[Task to complete]: A bare number is the expected answer: the count of lines in the records that contain the word "with".

[Data supplied]:
===

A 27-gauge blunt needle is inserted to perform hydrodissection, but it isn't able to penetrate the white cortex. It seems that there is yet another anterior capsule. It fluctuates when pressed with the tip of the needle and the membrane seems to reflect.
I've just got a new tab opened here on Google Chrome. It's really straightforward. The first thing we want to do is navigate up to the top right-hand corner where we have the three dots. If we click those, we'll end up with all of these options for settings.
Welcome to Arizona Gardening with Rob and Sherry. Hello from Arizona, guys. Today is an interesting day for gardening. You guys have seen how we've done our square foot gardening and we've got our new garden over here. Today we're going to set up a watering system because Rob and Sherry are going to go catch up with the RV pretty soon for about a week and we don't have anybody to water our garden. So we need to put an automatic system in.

===

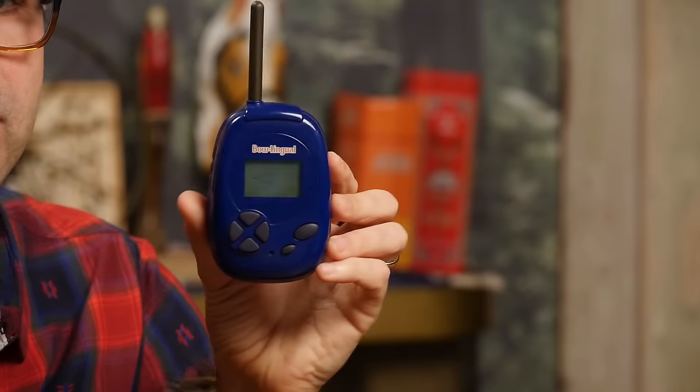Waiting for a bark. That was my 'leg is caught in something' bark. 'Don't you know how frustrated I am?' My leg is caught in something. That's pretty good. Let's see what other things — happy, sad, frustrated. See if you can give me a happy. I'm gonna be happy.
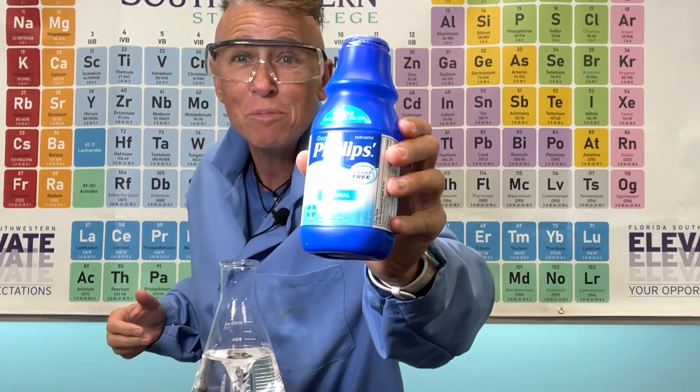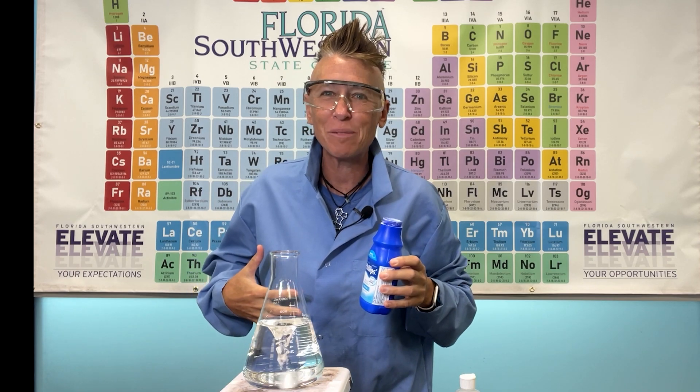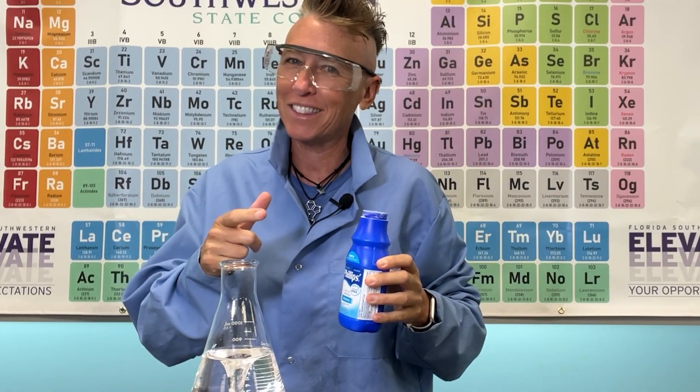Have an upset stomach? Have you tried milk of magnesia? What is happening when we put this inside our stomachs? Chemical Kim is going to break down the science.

===

[Exercise response]: 3